The bride met her groom, an art gallery director from Croatia named Siniša Mačković, but played it cool.
"She didn’t pursue anything until she eventually crossed paths with Siniša at a Gagosian opening. 'We locked eyes and stared at each other. We exchanged a few words, very coy, and very heavy,' she says. 'And then I went to a Karma after-party with some girlfriends. And we met each other on the dance floor, without exchanging any words. Eventually, he said, ‘Can I see you sometime?’ And I was like, ‘Maybe’. ”
She had three outfits for the ceremony. A Loewe shift dress for cocktail hour (where The Grateful Dead cover band provided the soundtrack), a Jean-Paul Gaultier couture wedding gown and a Mugler jumpsuit to dance and eat pizza in at 4.30am.
Across the pond and podcaster and daughter of Top Gear star Jeremy Clarkson got married to her long-term boyfriend the same weekend.
Emily Clarkson is fun. She oozes more zest than a lemon and has more fizz than Vintage Dom Perignon.

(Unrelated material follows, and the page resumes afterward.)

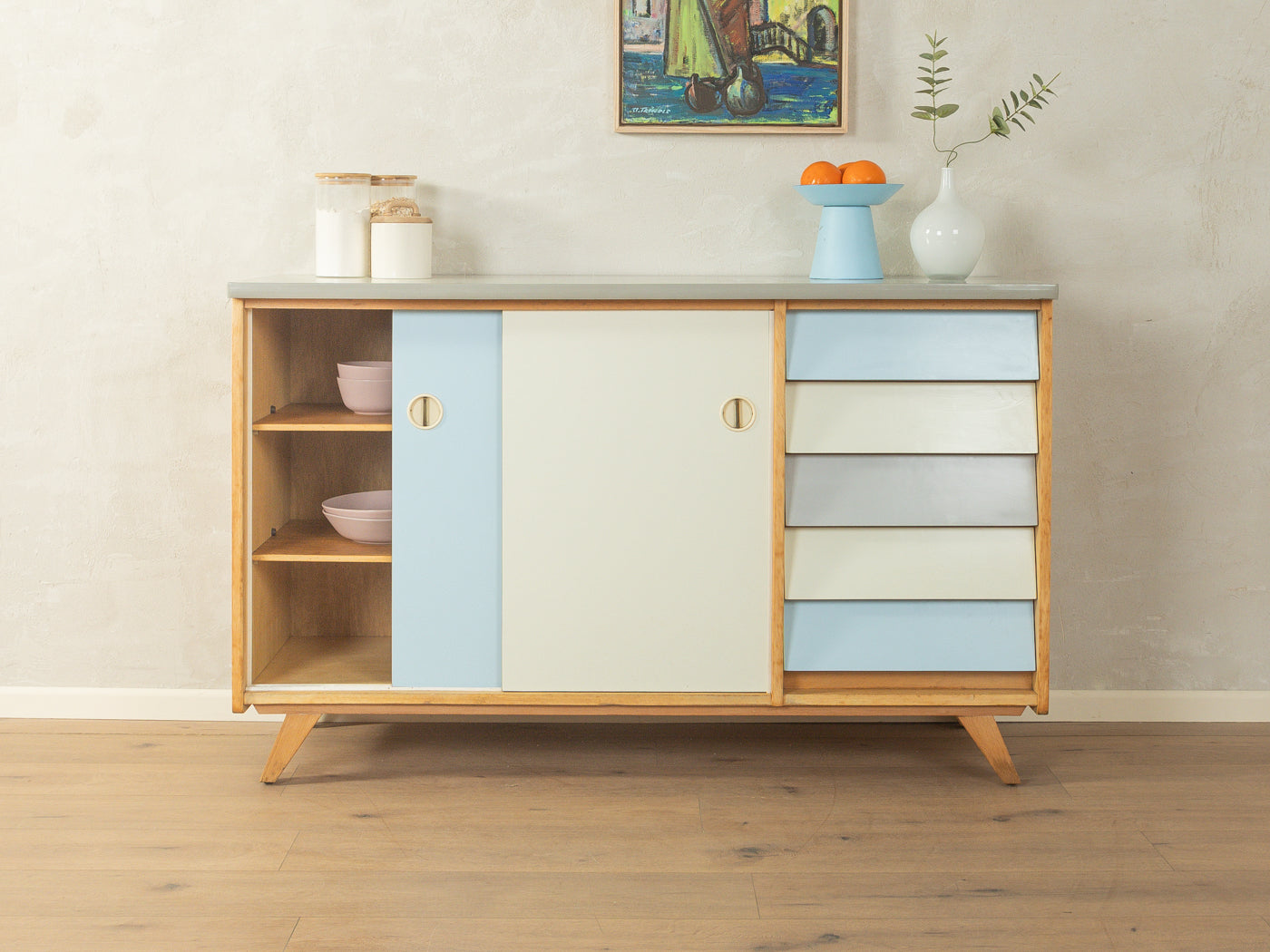 Zauberhafter 1950er Jahre Küchenschrank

The bride, 27, who hosts the podcast Should I Delete That? and groom - publicist and Ironman Alex Andrew - made an "amuse bouche" video for their wedding with slow mo vision of them pashing and waving coloured smoke flares.
The main course was even better with the couple both spamming their Instagram grids with love notes and pics from their party.
The best part about all these weddings is how "into it" the grooms are.